On Jan. 26, 1998, President Bill Clinton wagged his finger and told a press conference: "I did not have sexual relations with that woman, Miss Lewinsky."
Thus began one of the most entertaining years in American politics.
The lasting effect is what the scandal (readers may choose the adjective) did to the American press corps.
Overnight, a then-31-year-old former gift-shop clerk at CBS became the most important man in American journalism.
His Internet site averaged 85,000 unique visitors a day in 1997.
On Monday, 18.3 million people visited his site. That is more than all the people who watched ABC, CBS and NBC news combined that night.
(Excerpt) Read more at dailymail.com ...
I discovered Free Republic in July 97 after a Tony Snow syndicated article that was in the Washington Times that referenced the Drudge Report breaking Kathleen Wiley’s private time with the ‘Toon.
Drudge had a link called “The Whitwater Page”.
That’s when the addiction started.
I remember the Friday night after BJ’s ham fisted testimony, when Drudge posted the bombshell, then Sunday morning when Cokie Roberts and George Will mentioned it, and then KABOOM: when the Wash Post spattered it as a banner headline that Wednesday. For some reason, that’s when it became huge.
I’ll never forget some of the hilarious FR posts from that time.
I was in Los Angeles, around March or April of that year on a business trip. At round 4:30 or 5:00 , I got back to the hotel room.
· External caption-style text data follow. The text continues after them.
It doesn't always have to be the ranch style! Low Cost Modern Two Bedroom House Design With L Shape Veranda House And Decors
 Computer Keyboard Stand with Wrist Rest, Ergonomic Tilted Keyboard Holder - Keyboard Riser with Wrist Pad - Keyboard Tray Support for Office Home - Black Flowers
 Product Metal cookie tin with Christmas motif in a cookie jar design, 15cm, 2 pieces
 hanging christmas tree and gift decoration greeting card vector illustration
Turned on the TV, and I swear to god on a stack of bibles, I see a 15 second preview of a srory that is scheduled to air on the following news program about Bill Clinton raping some woman. That a man who was friends of the rape victim would talk, and I think I saw a video of the guy who was a friend of Juanita Broderick's in this preview video segment.
I was amazed , watched the whole news program, and the story never aired!!!!!
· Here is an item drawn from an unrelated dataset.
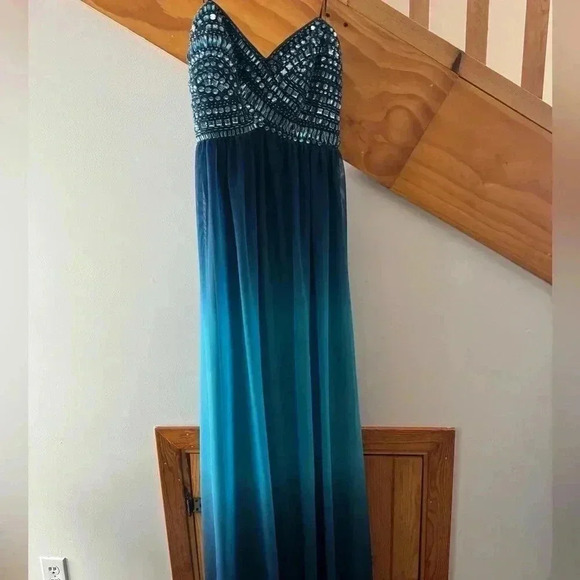 B. Smart Dresses & Skirts - Strapless Blue Rhinestone Ombré Prom Dress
I guarantee some one in the white house called that local station and threatened them with the wrath of Cankles.
Needless to say, 8 or 9 months later I was amazed yet again when her story finally started to break. DEJA VUE!!!!!
I remember you!
Boy does that speak volumes. I was blue in the face debating some Lefty friends in '98 when they continually defended that scumbag, seemingly comfortable with what he did to the office of President.
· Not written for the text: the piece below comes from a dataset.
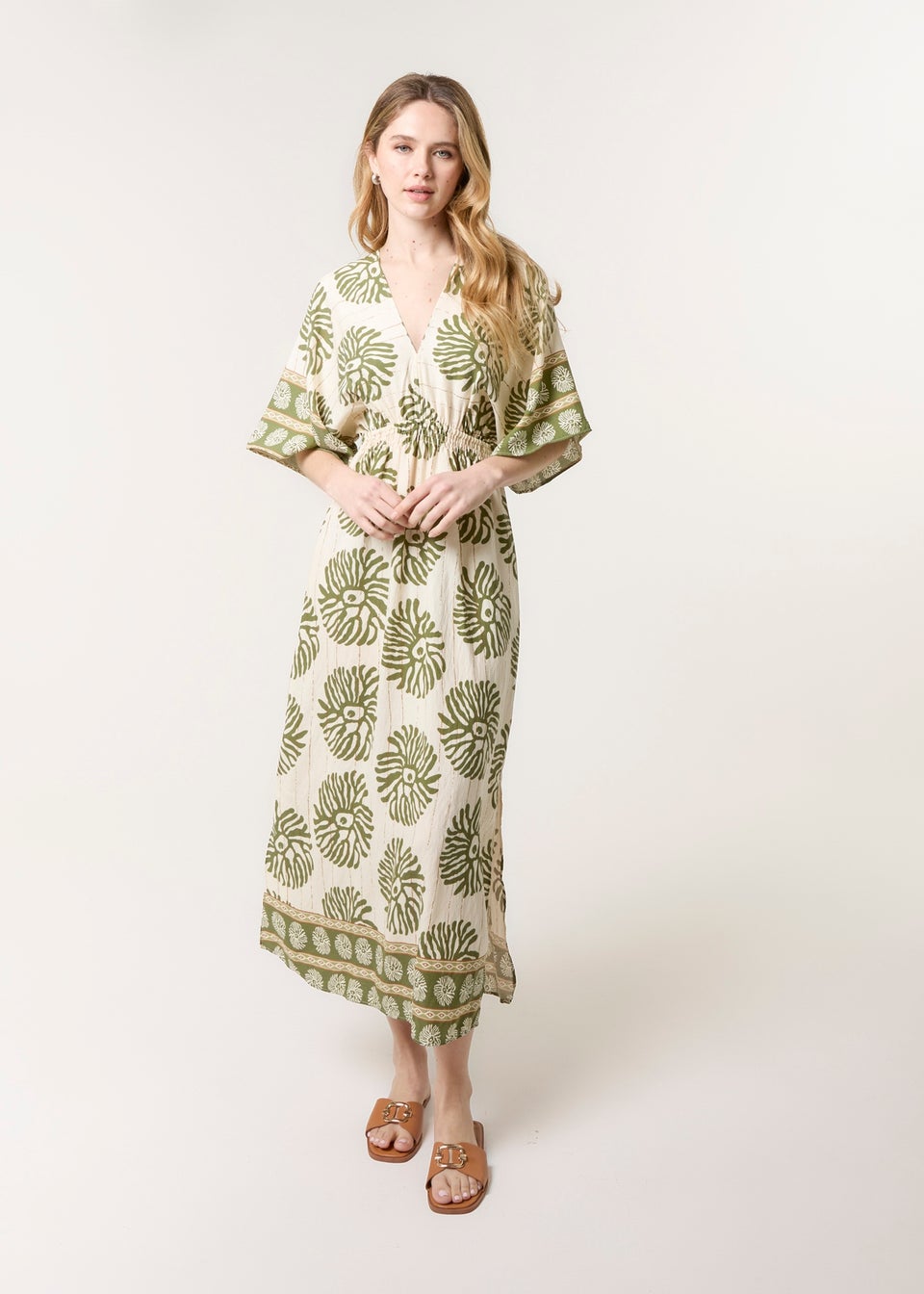 Blue Vanilla Khaki Elasticated V-Neck Dress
This must be some new definition of the word "entertaining" of which I was unaware. I remember it well, and I found it appalling. A President got away with diddling an intern in the Oval Office, lying about it under oath, and got to wag his finger at the rest of us, treating the American people like some sort of peasantry. I did not find it funny or entertaining. Bill Clinton is a 12 year old trapped in a grown man's body, and that is being generous.